Lei guida Netith, gruppo fra i leader nazionali di un settore volgarmente identificato in call center. Che, per definizione, utilizza risorse umane a basso costo. Ma come si fa a dare un futuro ai giovani siciliani che magari aspirerebbero a qualcosa di più?«Capisco la provocazione, ma Netith è molto più di un semplice call center. Netith non si limita al mondo del Bpo (Business process outsourcing, ndr), ma è anche un hub di consulenza strategica e sviluppo digitale per pmi e pubbliche amministrazioni. Siamo impegnati nel trasformare il nostro lavoro in qualcosa che crei un impatto concreto sul territorio. Questo tipo di iniziative valorizza i nostri giovani talenti, consentendo loro di collaborare su progetti significativi come il recupero di Cunziria di Vizzini, che restituisce un’importante fetta di storia e bellezza al territorio siciliano. La nostra strategia va oltre il singolo progetto: ad esempio, con l’acquisizione della startup Noisefeed abbiamo ampliato il raggio d’azione a livello internazionale, portando le nostre competenze all’attenzione di grandi club calcistici mondiali grazie a strumenti di analisi avanzata sugli infortuni dei giocatori. A breve, inoltre, presenteremo un nuovo capitolo del nostro impegno verso il talento locale».

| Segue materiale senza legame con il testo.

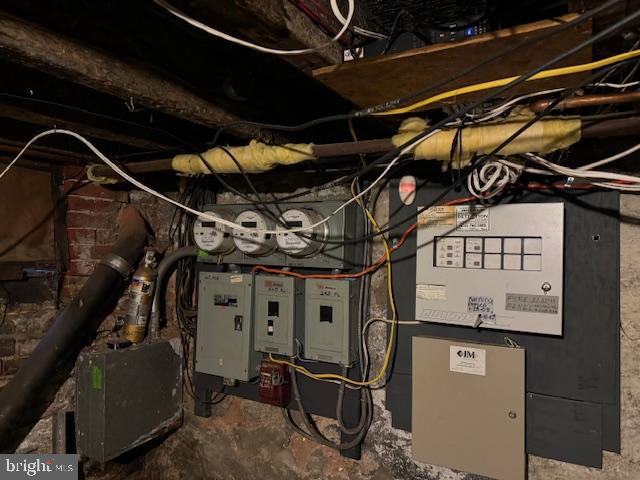 RITTENHOUSE SQUARE - Commercial Sale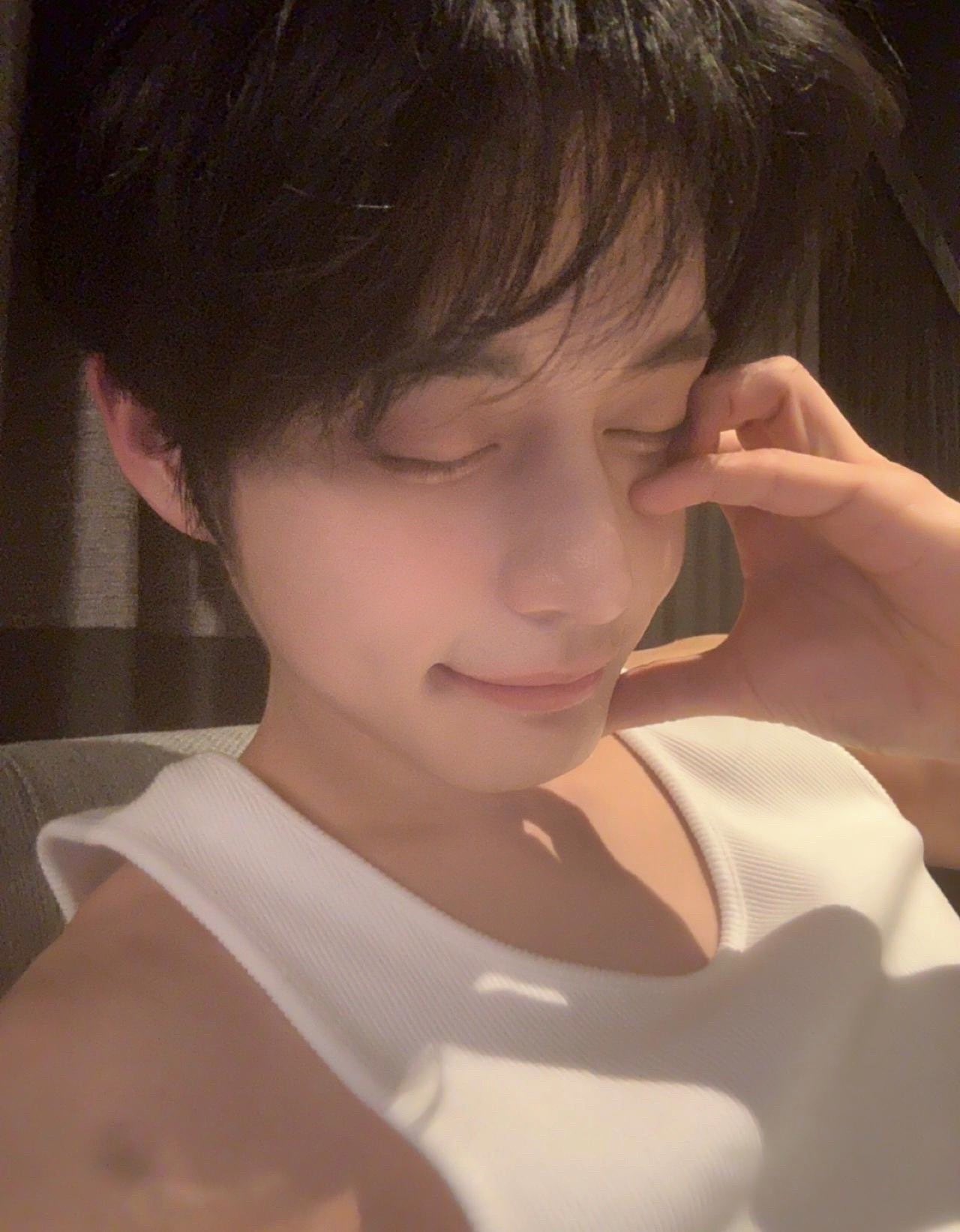 Behind-the-scenes cut of Kim Jiwoong (ZEROBASEONE)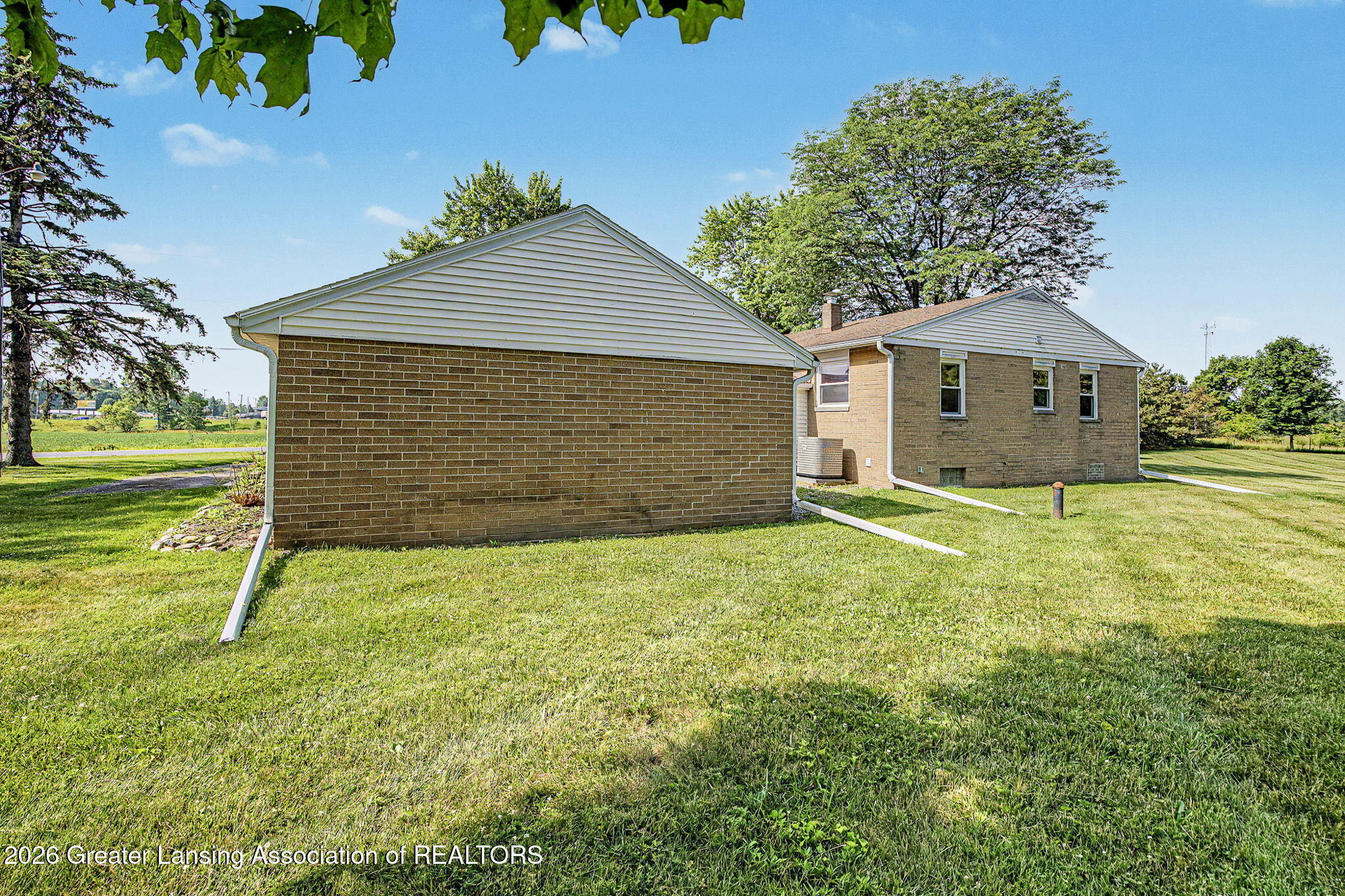 13345 West Clark Road Eagle, MI 48822 - Photo 27 of 32 27-web-or-mls-CQ1A3801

Può anticiparci di cosa si tratta?«Il progetto “Catania Crea Impresa”, che sarà lanciato ufficialmente al nostro evento “Reunion Team Netith 2024” il 25 novembre. Con questa iniziativa, puntiamo a trasformare le idee dei giovani del nostro territorio in veri e propri progetti imprenditoriali, fornendo loro supporto, strumenti e una rete di contatti concreti. Il nostro obiettivo è creare un ecosistema che promuova l’imprenditorialità e metta al centro l’innovazione e il potenziale dei giovani. Netith non è solo un luogo di lavoro, ma una fucina di opportunità e un trampolino di lancio per le nuove generazioni, perché siamo convinti che la Sicilia abbia tutto il talento necessario per generare valore e crescita sostenibile».